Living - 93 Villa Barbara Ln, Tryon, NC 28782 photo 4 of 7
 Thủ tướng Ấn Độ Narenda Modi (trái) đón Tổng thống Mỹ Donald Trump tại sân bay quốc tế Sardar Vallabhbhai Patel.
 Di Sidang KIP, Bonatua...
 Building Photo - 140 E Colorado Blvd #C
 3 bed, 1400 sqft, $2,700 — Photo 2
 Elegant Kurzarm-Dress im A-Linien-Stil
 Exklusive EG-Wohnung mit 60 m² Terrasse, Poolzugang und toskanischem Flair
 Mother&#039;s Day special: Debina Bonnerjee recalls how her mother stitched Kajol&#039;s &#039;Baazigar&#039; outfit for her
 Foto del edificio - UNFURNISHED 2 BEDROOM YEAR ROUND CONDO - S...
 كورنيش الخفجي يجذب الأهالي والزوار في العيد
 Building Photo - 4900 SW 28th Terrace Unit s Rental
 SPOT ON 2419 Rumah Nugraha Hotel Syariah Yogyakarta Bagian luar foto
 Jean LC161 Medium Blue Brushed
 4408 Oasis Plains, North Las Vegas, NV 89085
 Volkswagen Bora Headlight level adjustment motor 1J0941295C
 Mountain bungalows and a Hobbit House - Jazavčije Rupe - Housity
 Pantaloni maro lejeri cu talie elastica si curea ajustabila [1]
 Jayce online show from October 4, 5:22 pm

-------------------------

Throughout the data above, report every line that contains the string "Building".

 Building Photo - 140 E Colorado Blvd #C
 Building Photo - 4900 SW 28th Terrace Unit s Rental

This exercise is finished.